3. The above provisions shall also apply to the personal liability of employees, representatives and vicarious agents.
4 The customer shall be liable in accordance with the statutory provisions.
(18) External content
1. comspace is not responsible for materials and content provided by the customer. comspace is not obliged to check the materials and content for possible violations of the law, but it will inform the customer in good time of any weighty risks that are easily recognisable from its point of view.
2. In the event that comspace itself is used due to the materials and content provided by the customer, the customer shall indemnify and hold comspace harmless.
3. If comspace suffers a damage caused by materials or content of the customer, the customer shall be liable for this damage.
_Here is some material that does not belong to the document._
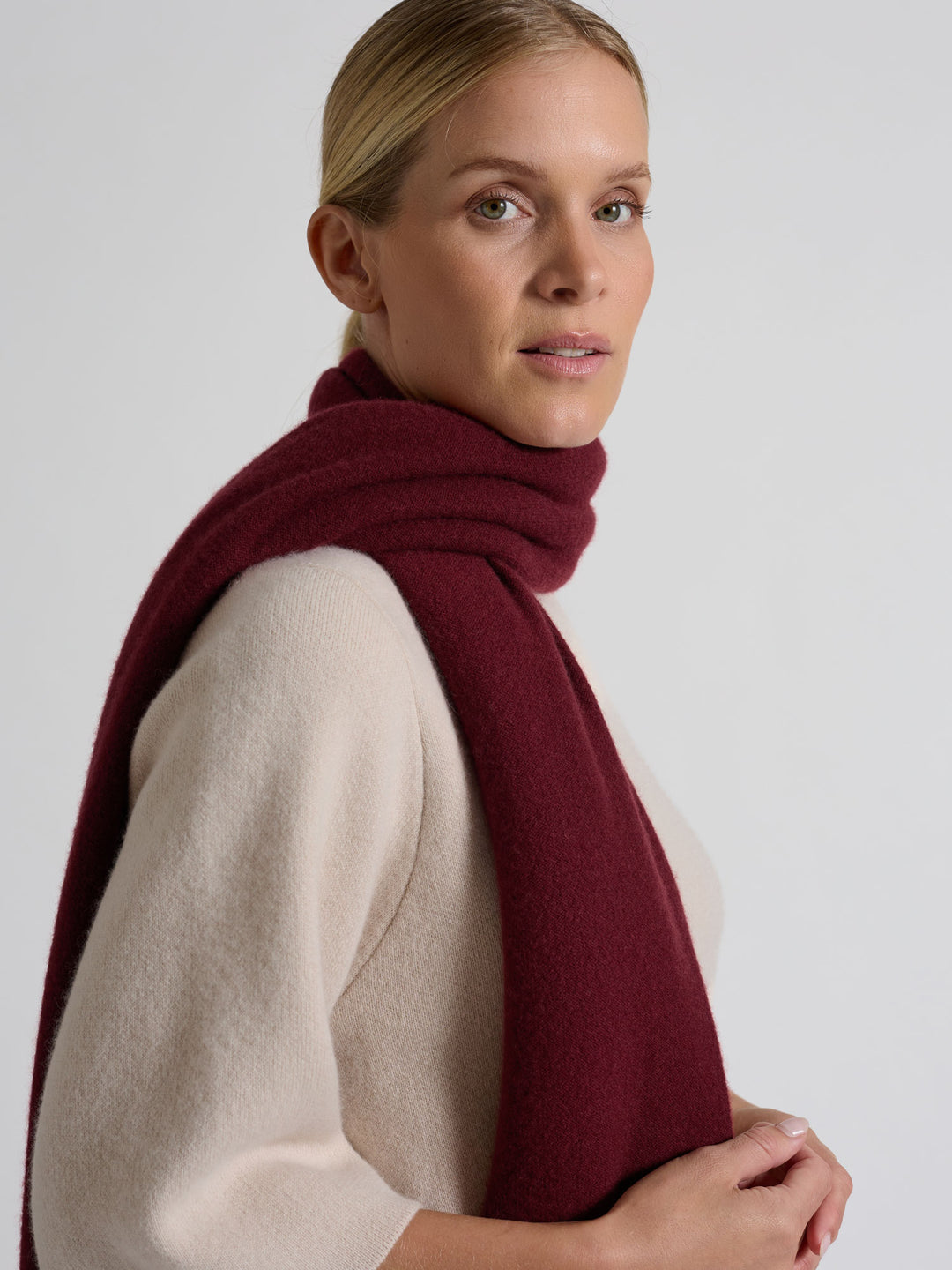 Kashmirskjerf "Signature" i 100% ren kasjmirull. Cashmere skjerf. Norsk design fra Kashmina. Farge: Bordeaux.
4. The customer is obliged to compensate comspace for the damage (expense, damages) caused by a faulty or improper use (hacking, phishing, spamming, etc.) of the provided systems.
(19) Title retention
1. All delivered services remain the property of comspace until the complete fulfilment of all monetary claims of comspace from its business relations with the customer, even if payments for the concrete service have been made.
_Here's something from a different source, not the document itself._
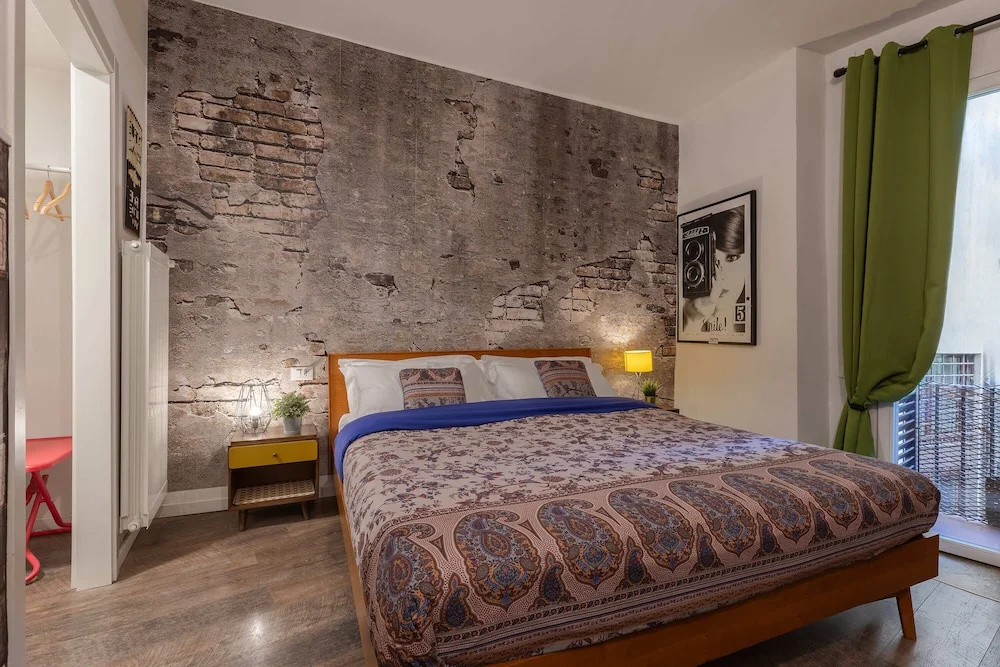 Code Rent A Room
2. The customer has to inform comspace immediately in case of enforcement measures.
(20) Confidentiality, reference
1. The contracting parties agree to confidentiality regarding the content and the structure of conditions of each contract and the knowledge gained during its
2. Confidentiality shall also apply beyond the termination of the contractual relationship.
3. If one party demands this, the documents handed over by it are to be handed over to it after termination of the contractual relationship, as far as the other party cannot assert any justified interest in these documents.
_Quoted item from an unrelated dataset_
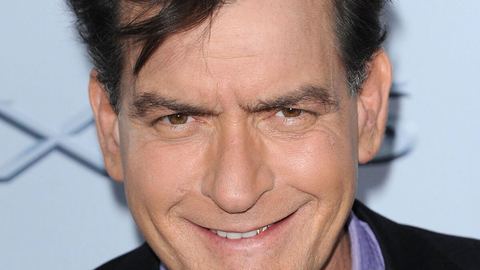 El actor estadounidense Charlie Sheen fue atacado en su casa de Malibú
4. Press releases, information etc. in which one contracting party refers to the other are only permissible after prior written agreement - also by e-mail. Irrespective of this, comspace may name the customer on its website or in other media as a reference customer and copy and distribute the services provided within the framework of self-promotion as well as publicly reproduce them for demonstration purposes and refer to them, unless the customer can make an opposing legitimate interest apply.
5. The customer is informed that unencrypted e-mails are an open medium. Comspace assumes no liability for the confidentiality of e-mails. At the customer's
request, communication can be carried out via encrypted e-mails.
(21) Data protection
1. comspace is entitled to store the data relating to the specific order electronically and to process and use this data for operational purposes in accordance with the statutory provisions.
2. The transfer to third parties is permitted if and as far as this is the subject of the contract - e.g. when registering domains or similar.
(22) Final provisions
1. Place of performance is the place of business of comspace GmbH & Co. KG.
2. The exclusive place of jurisdiction for all legal disputes arising directly and indirectly from the contractual relationship as well as for its arising and its
effectiveness is Bielefeld. This also applies to disputes arising from documents, bills of exchange and cheques relating to the contractual relationship. However, comspace has the right to claim against the customer before the court at the customer's place of residence or business.
3. For all legal questions resulting from the order and its completion German right applies under exclusion of the convention of the United Nations over contracts over the international goods purchase.
4. Should one or more individual provisions of these GTC be invalid for any reason, the validity of the remaining provisions shall not be affected thereby. Insofar as these General Terms and Conditions contain loopholes, these shall be filled by a provision which takes into account the economic purpose of the contract.